- Records from a dataset -
□ □ □ □ □ □ □

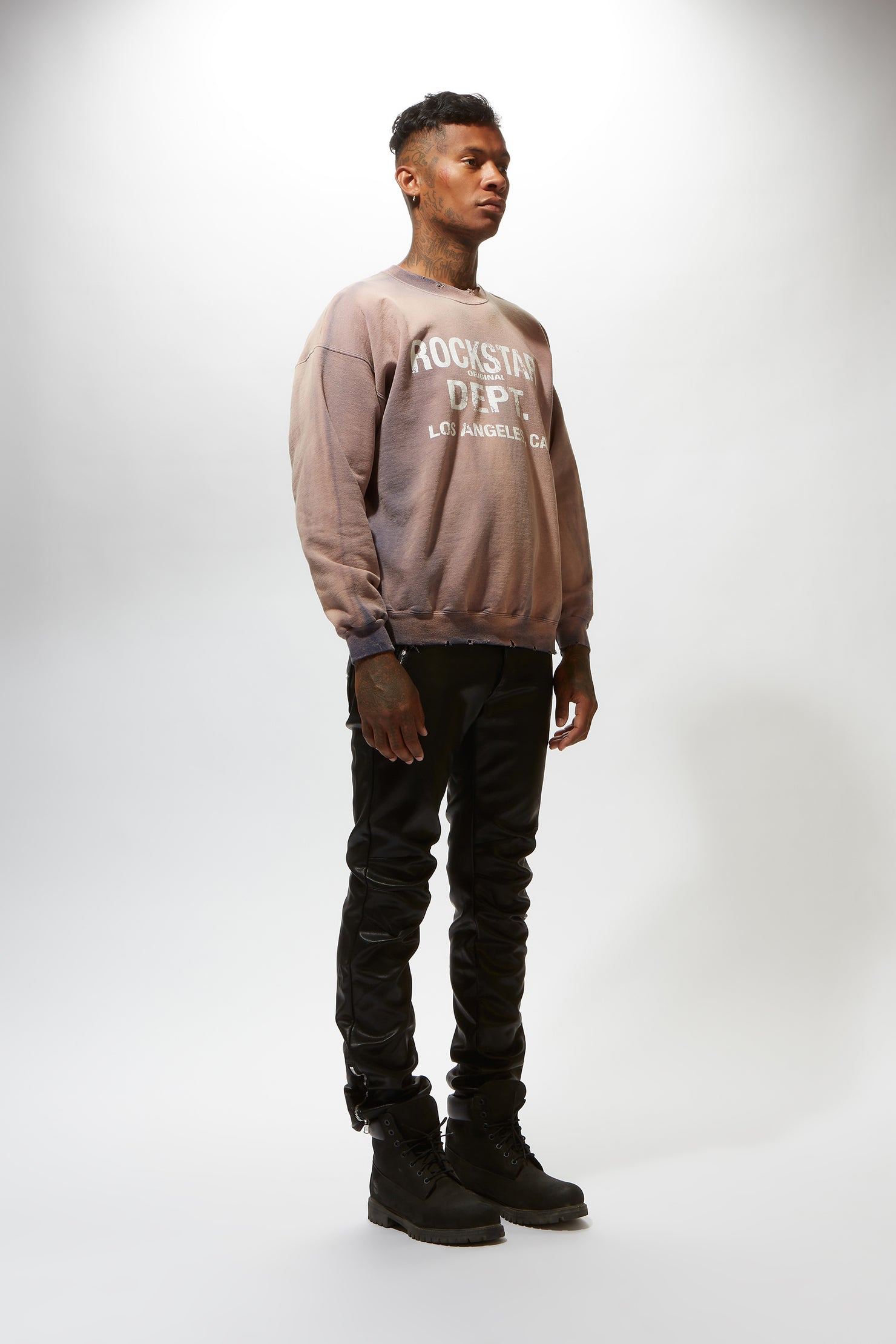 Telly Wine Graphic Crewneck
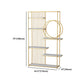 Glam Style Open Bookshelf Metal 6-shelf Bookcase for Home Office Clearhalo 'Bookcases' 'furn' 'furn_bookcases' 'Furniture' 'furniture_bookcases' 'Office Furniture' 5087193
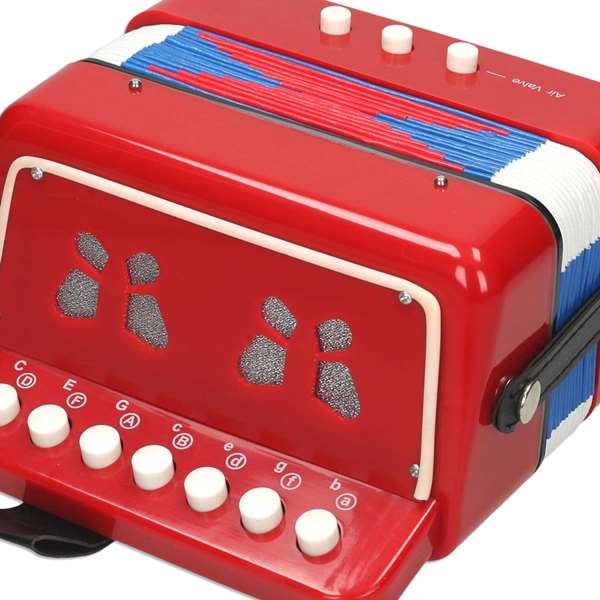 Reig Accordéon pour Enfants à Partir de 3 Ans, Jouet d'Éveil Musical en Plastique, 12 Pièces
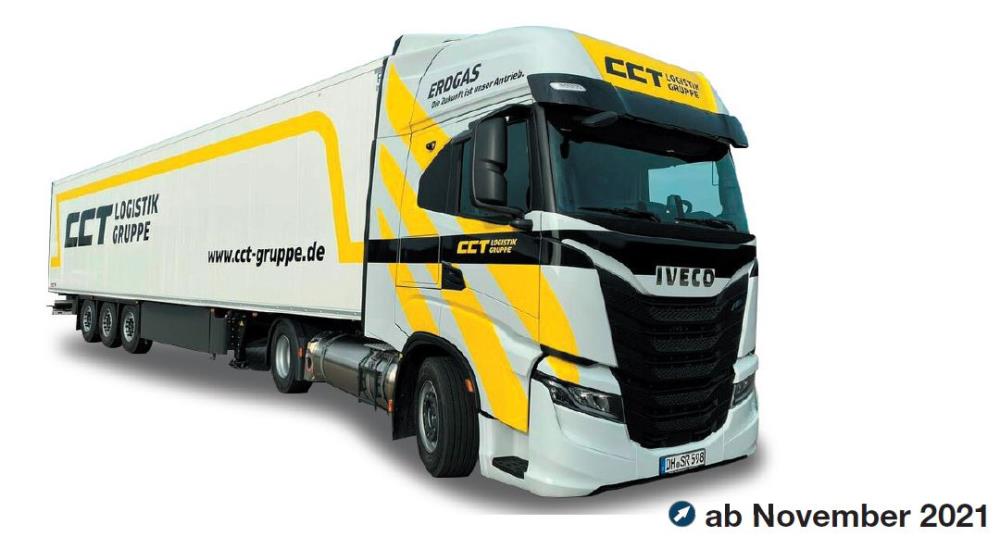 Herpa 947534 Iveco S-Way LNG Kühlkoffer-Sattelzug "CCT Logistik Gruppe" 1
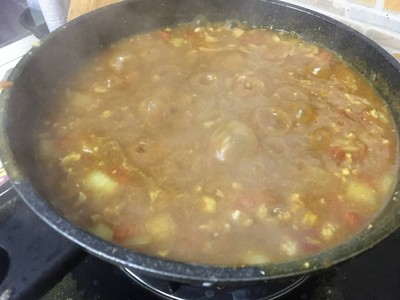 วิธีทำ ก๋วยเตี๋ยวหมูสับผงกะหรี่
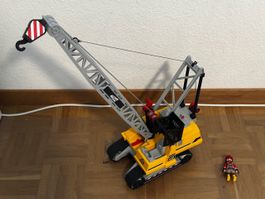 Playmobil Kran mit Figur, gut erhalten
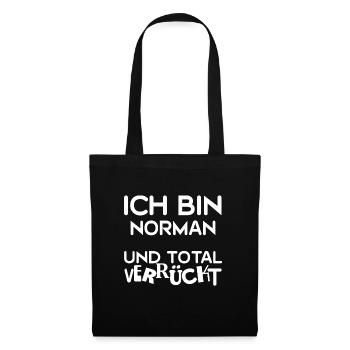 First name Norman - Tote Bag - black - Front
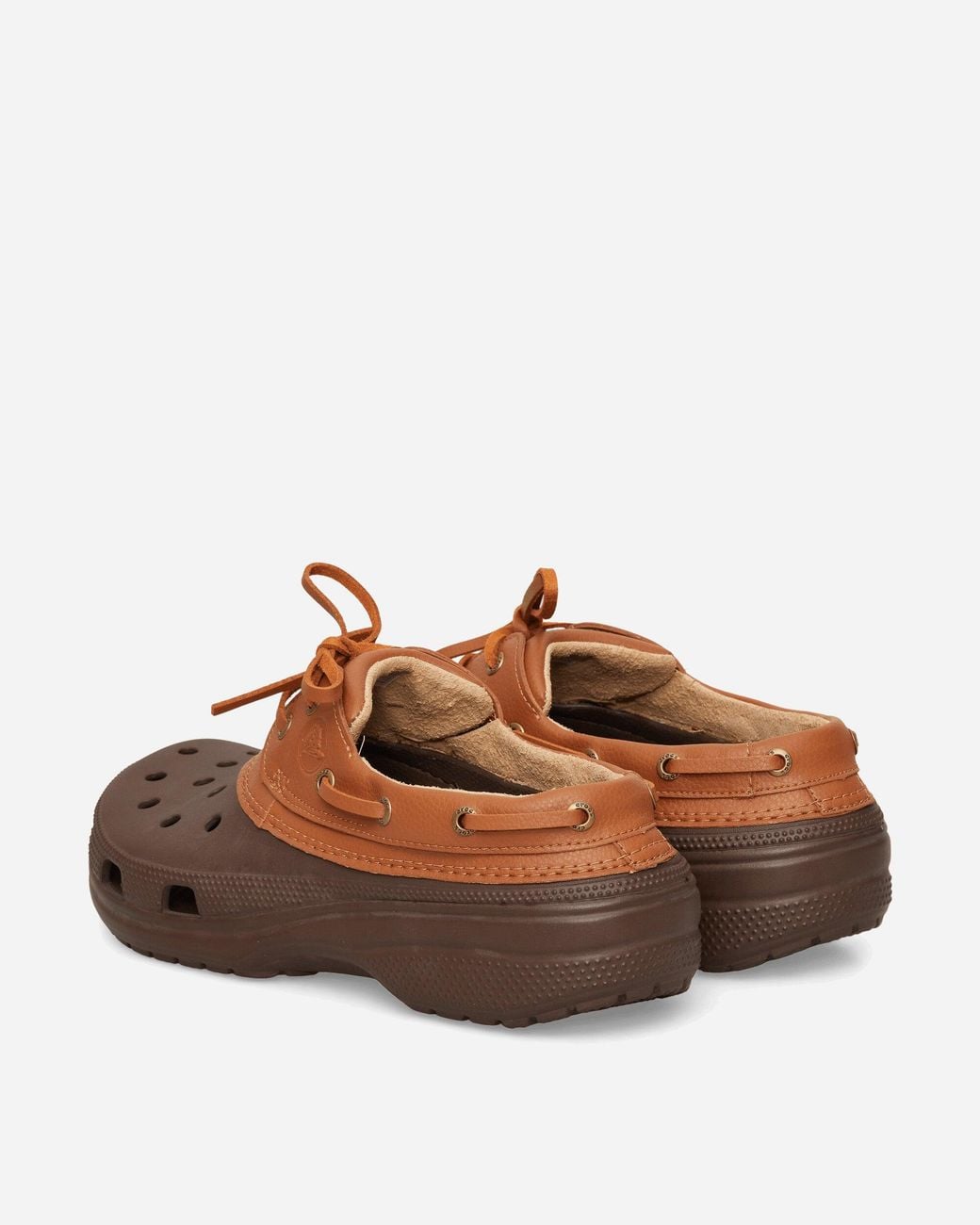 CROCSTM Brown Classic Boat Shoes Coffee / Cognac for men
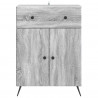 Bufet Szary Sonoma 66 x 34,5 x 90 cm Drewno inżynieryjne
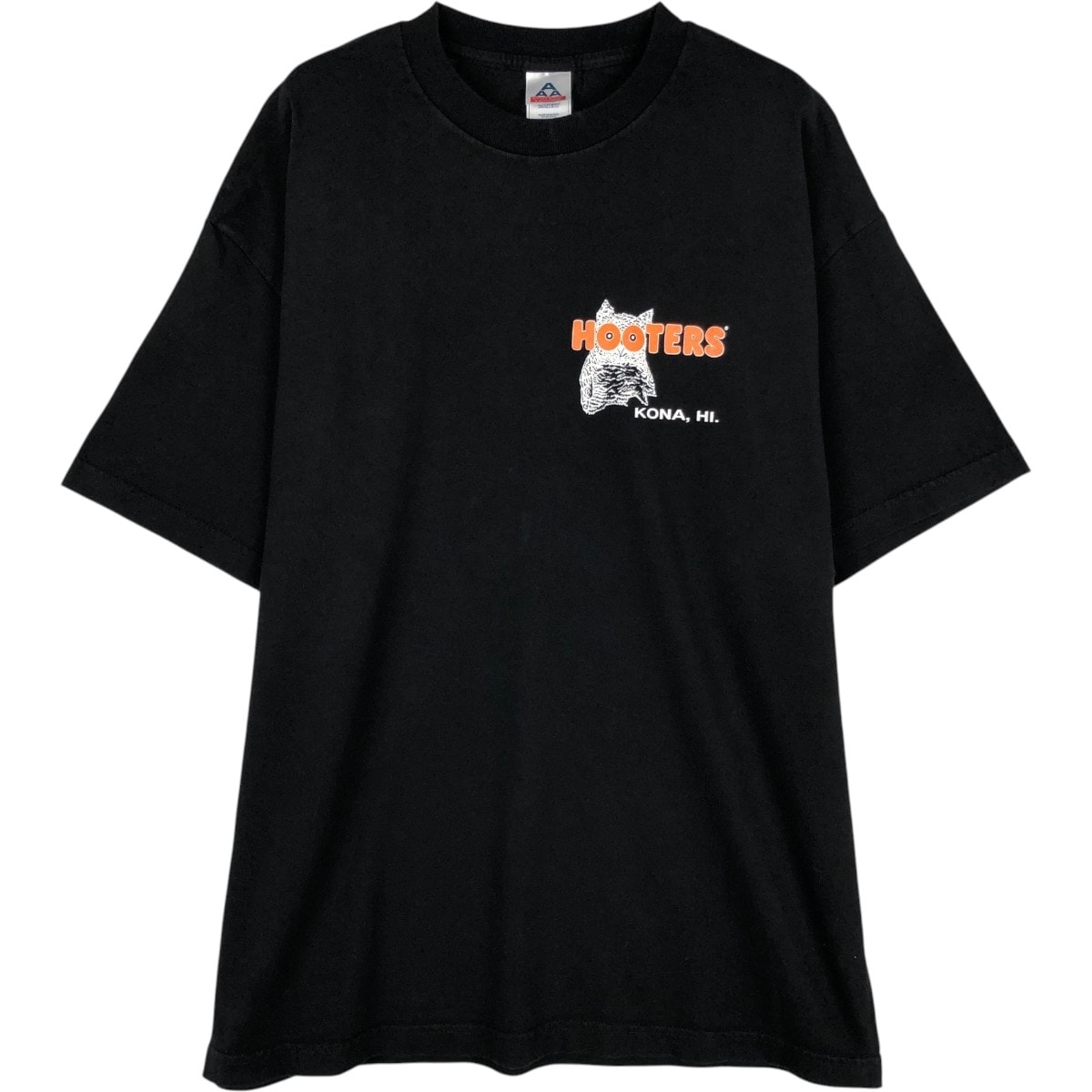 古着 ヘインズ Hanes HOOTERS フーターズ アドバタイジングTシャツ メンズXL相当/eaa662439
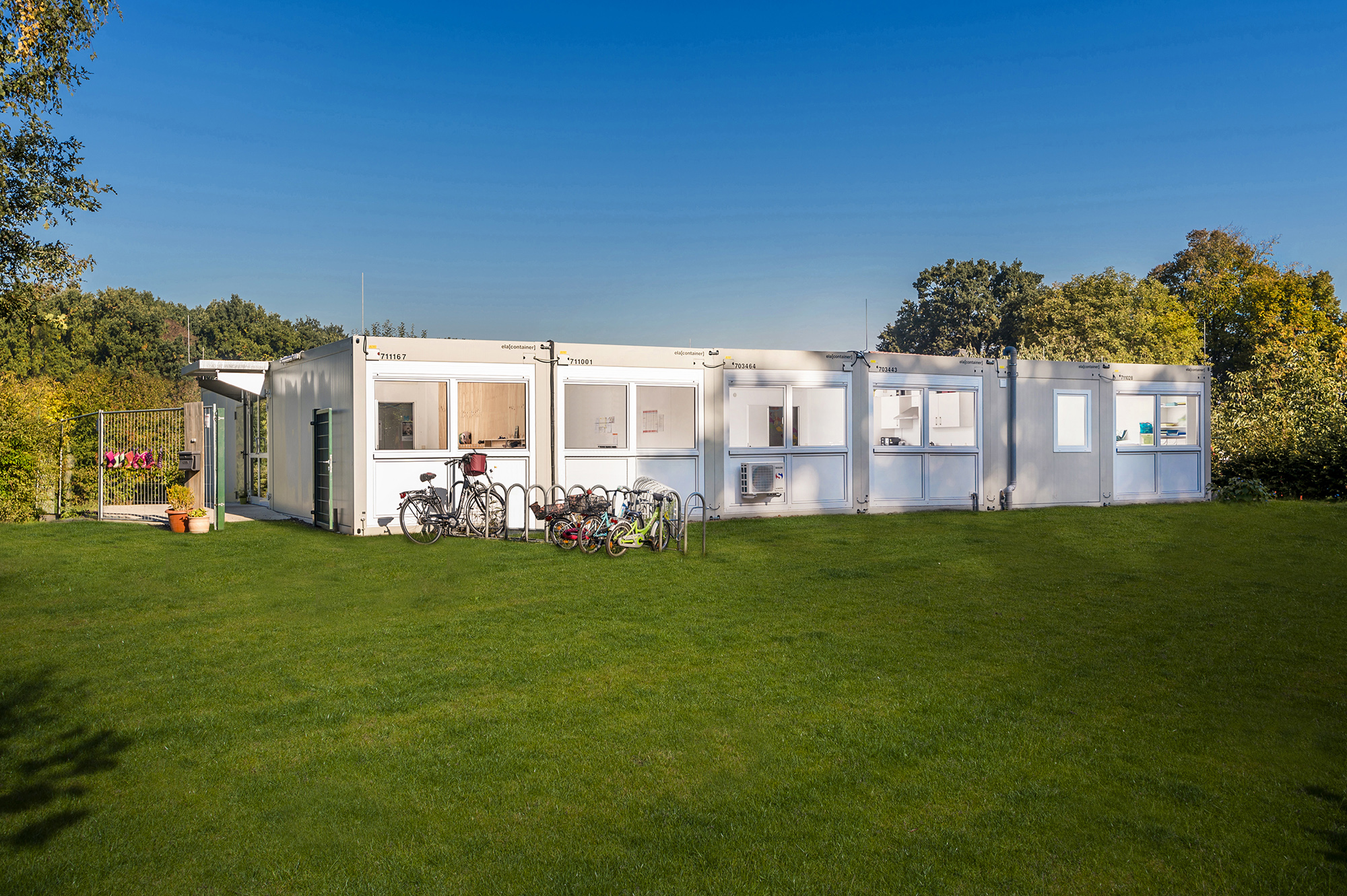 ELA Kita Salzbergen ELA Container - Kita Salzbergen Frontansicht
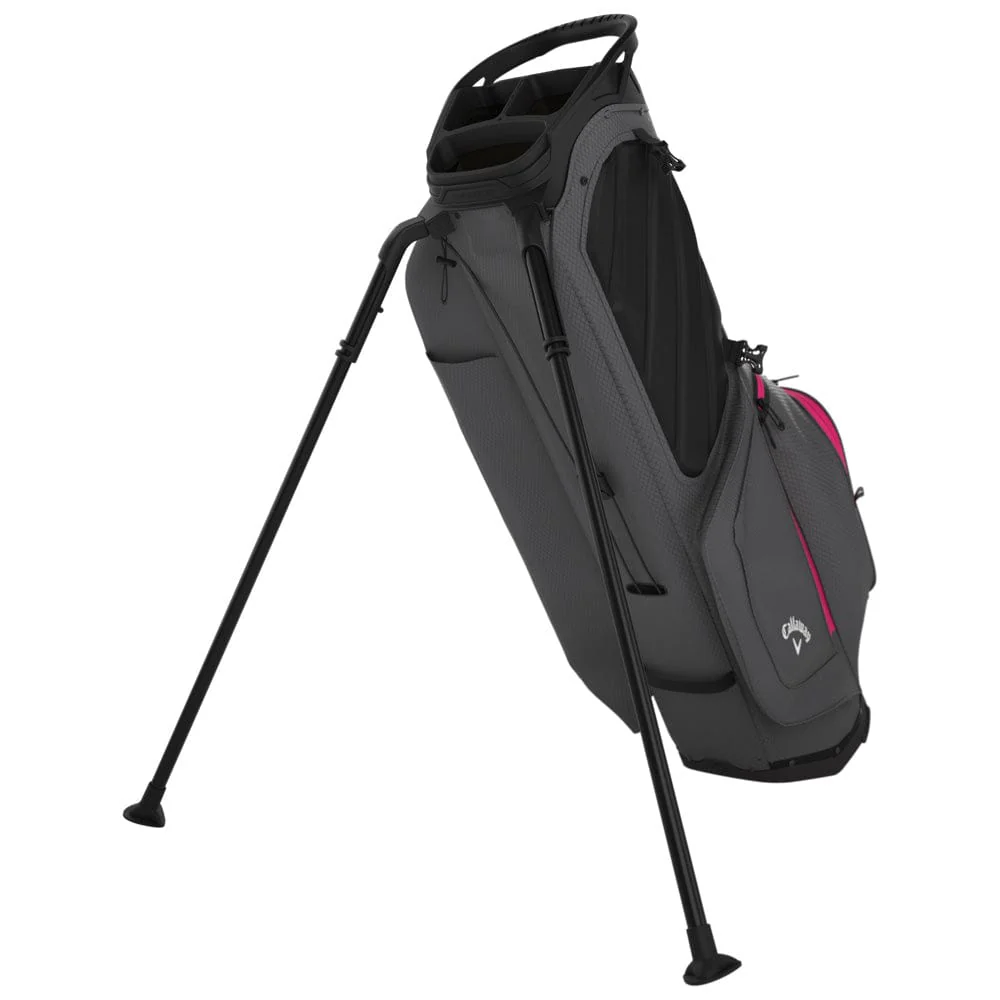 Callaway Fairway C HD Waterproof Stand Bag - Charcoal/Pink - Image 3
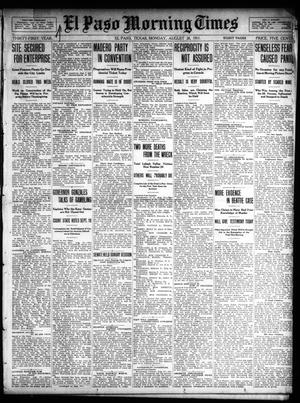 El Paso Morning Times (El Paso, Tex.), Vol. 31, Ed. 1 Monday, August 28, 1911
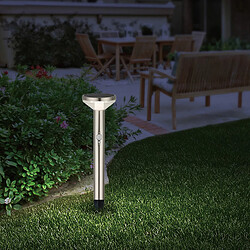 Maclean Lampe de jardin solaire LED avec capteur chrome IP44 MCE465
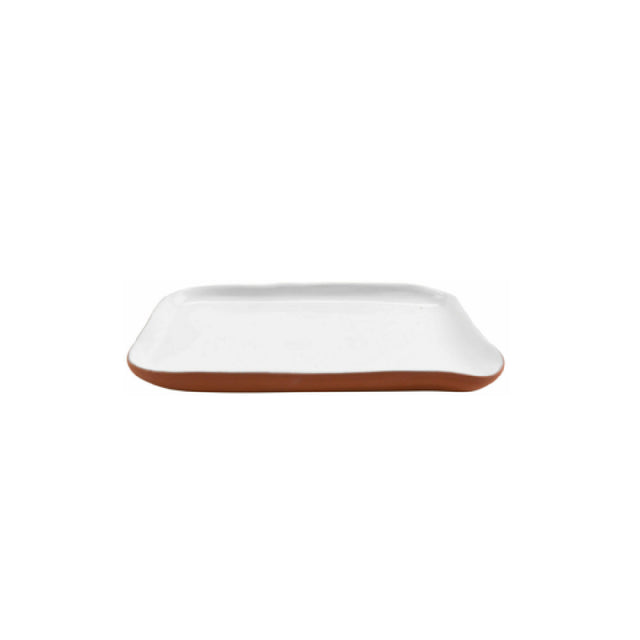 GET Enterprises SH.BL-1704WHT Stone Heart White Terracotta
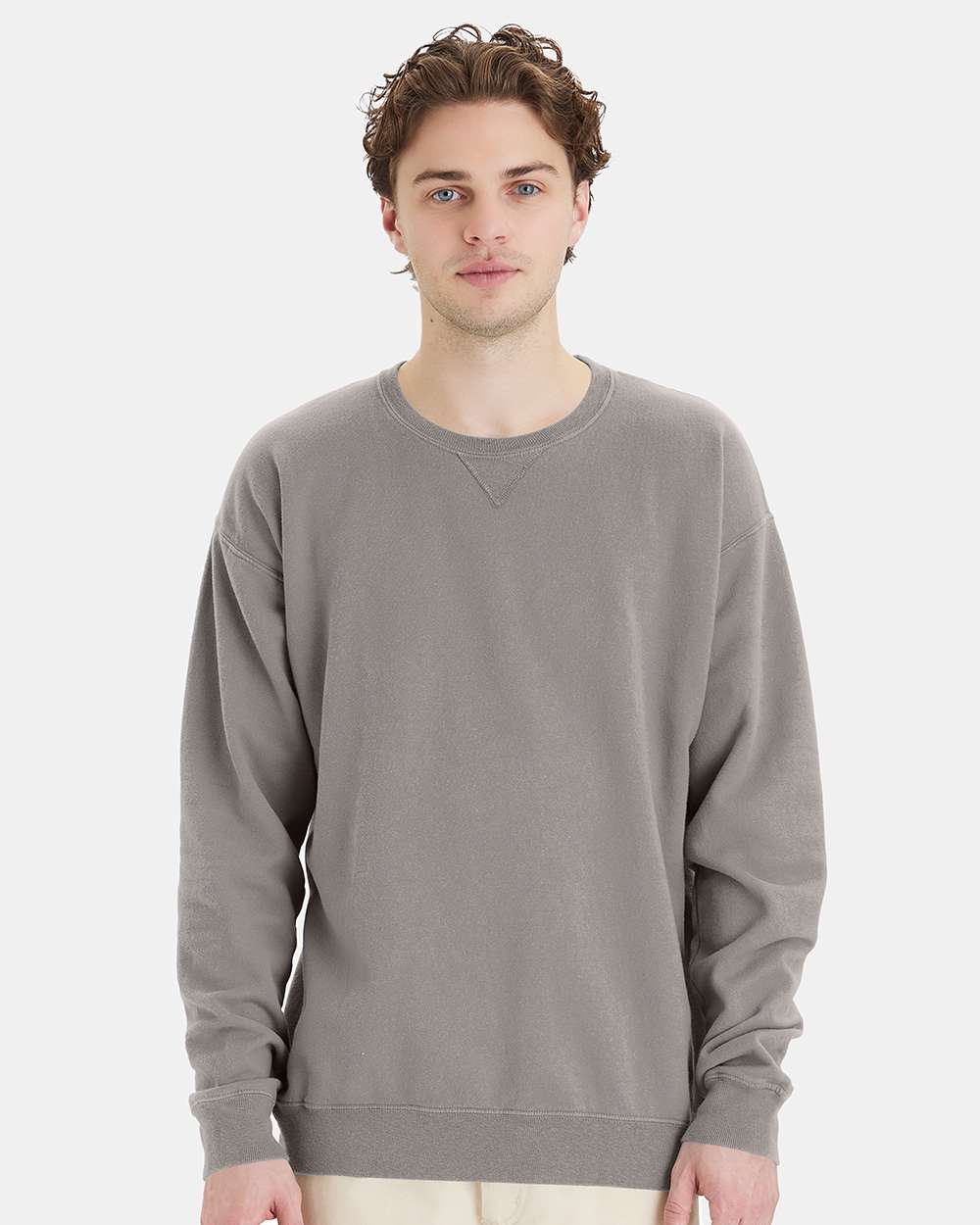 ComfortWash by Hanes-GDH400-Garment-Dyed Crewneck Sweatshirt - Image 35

□ □ □ □ □ □ □

- What is required -
If a line comes after the line with "Maclean Lampe de", it stays out; print exactly every line from the start of the entries up to and including that line, but no pictures.

- Written answer -
 Telly Wine Graphic Crewneck
 Glam Style Open Bookshelf Metal 6-shelf Bookcase for Home Office Clearhalo 'Bookcases' 'furn' 'furn_bookcases' 'Furniture' 'furniture_bookcases' 'Office Furniture' 5087193
 Reig Accordéon pour Enfants à Partir de 3 Ans, Jouet d'Éveil Musical en Plastique, 12 Pièces
 Herpa 947534 Iveco S-Way LNG Kühlkoffer-Sattelzug "CCT Logistik Gruppe" 1
 วิธีทำ ก๋วยเตี๋ยวหมูสับผงกะหรี่
 Playmobil Kran mit Figur, gut erhalten
 First name Norman - Tote Bag - black - Front
 CROCSTM Brown Classic Boat Shoes Coffee / Cognac for men
 Bufet Szary Sonoma 66 x 34,5 x 90 cm Drewno inżynieryjne
 古着 ヘインズ Hanes HOOTERS フーターズ アドバタイジングTシャツ メンズXL相当/eaa662439
 ELA Kita Salzbergen ELA Container - Kita Salzbergen Frontansicht
 Callaway Fairway C HD Waterproof Stand Bag - Charcoal/Pink - Image 3
 El Paso Morning Times (El Paso, Tex.), Vol. 31, Ed. 1 Monday, August 28, 1911
 Maclean Lampe de jardin solaire LED avec capteur chrome IP44 MCE465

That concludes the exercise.